WHAT THE EXERCISE ASKS:
Within the lines below, the span from the line with "3 bed, 2 bath" to the line with "Fouille XV et XI, fragment de sculpture", both ends included, is to be reproduced exactly, with pictures omitted.

EXERCISE DATA:
::::
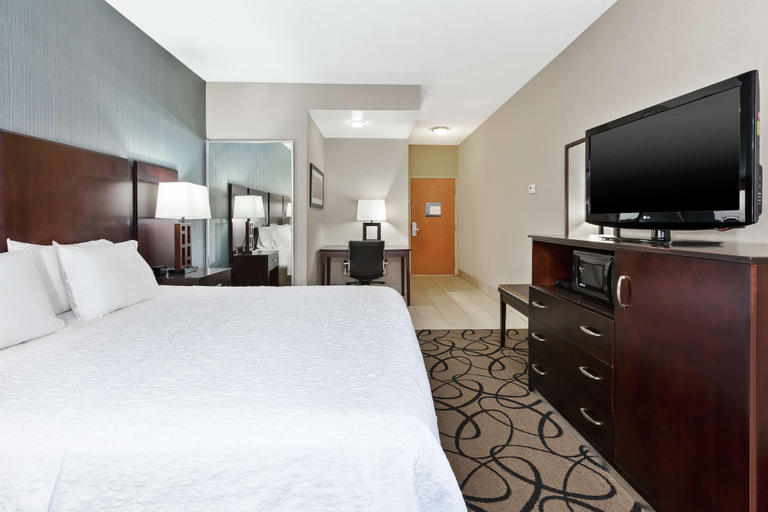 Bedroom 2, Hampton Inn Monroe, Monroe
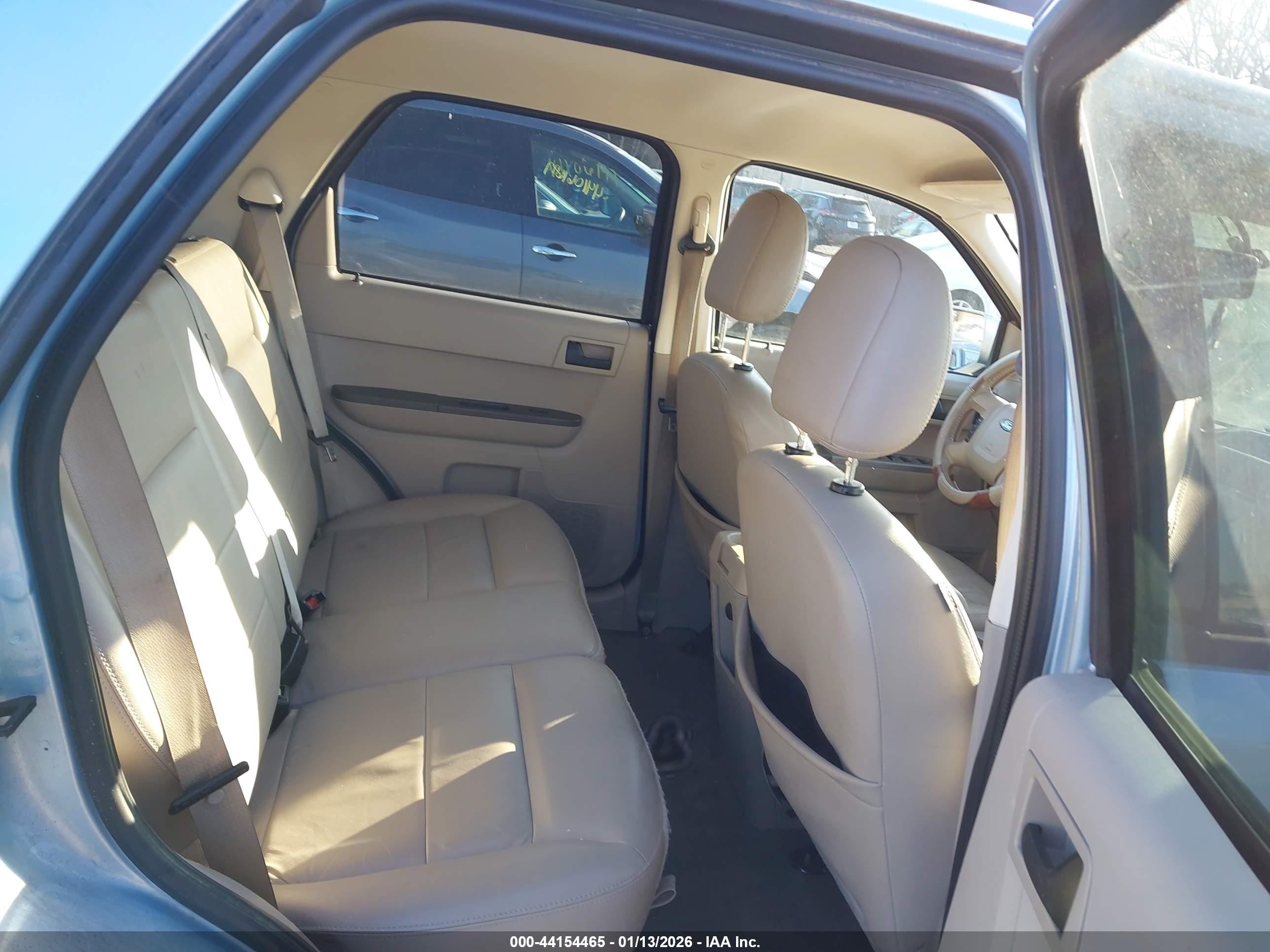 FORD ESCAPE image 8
::::
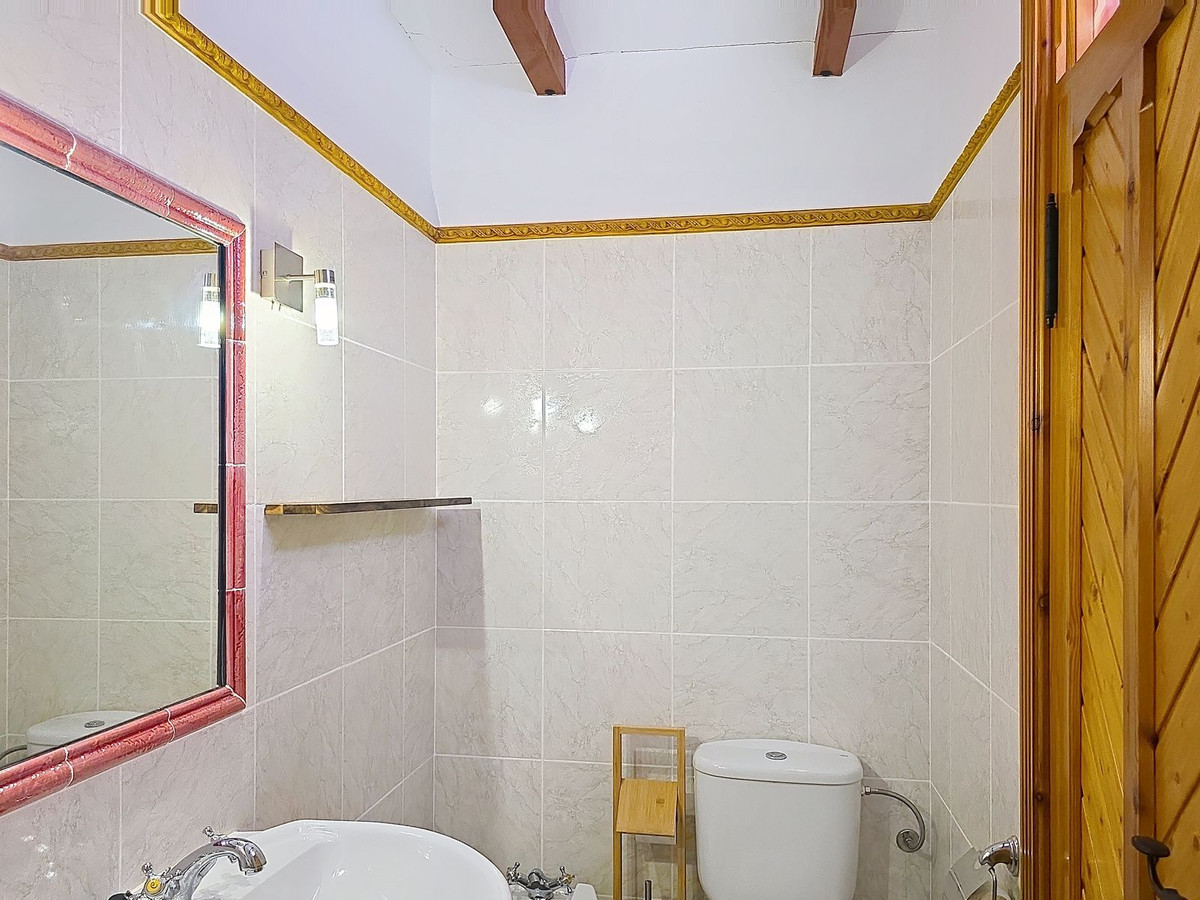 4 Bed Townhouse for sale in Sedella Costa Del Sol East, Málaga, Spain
::::
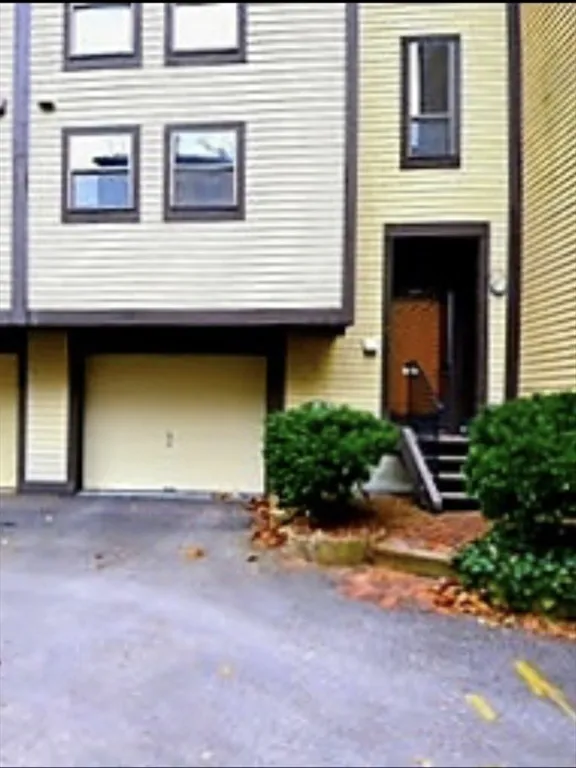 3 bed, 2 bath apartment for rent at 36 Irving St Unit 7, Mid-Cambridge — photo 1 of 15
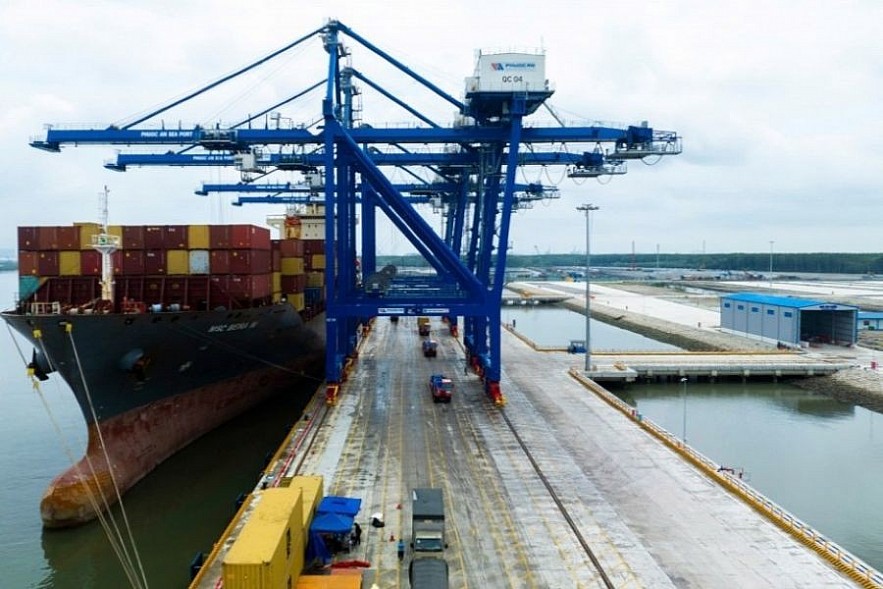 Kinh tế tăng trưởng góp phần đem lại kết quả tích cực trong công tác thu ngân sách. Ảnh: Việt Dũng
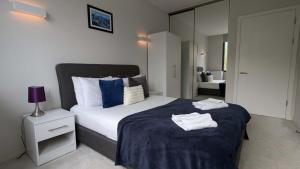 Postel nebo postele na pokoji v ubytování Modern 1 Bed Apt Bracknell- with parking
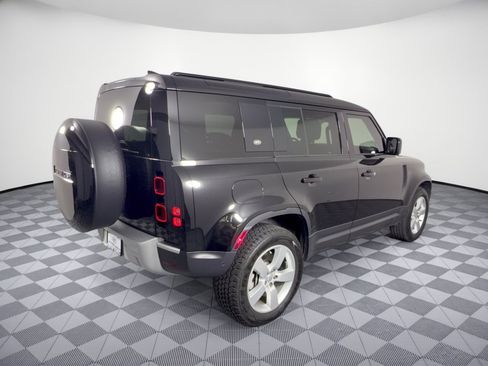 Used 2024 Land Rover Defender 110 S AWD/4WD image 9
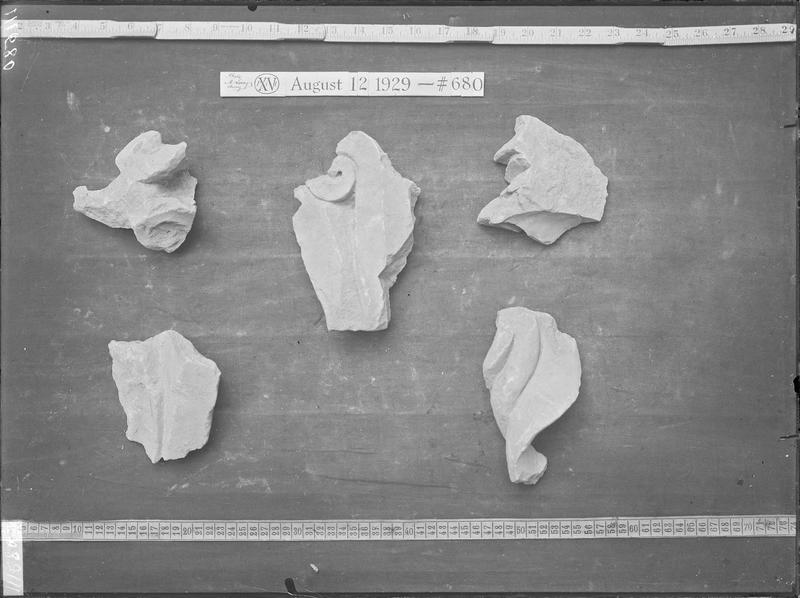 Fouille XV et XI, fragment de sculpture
::::
RESPONSE BOX:
 3 bed, 2 bath apartment for rent at 36 Irving St Unit 7, Mid-Cambridge — photo 1 of 15
 Kinh tế tăng trưởng góp phần đem lại kết quả tích cực trong công tác thu ngân sách. Ảnh: Việt Dũng
 Postel nebo postele na pokoji v ubytování Modern 1 Bed Apt Bracknell- with parking
 Used 2024 Land Rover Defender 110 S AWD/4WD image 9
 Fouille XV et XI, fragment de sculpture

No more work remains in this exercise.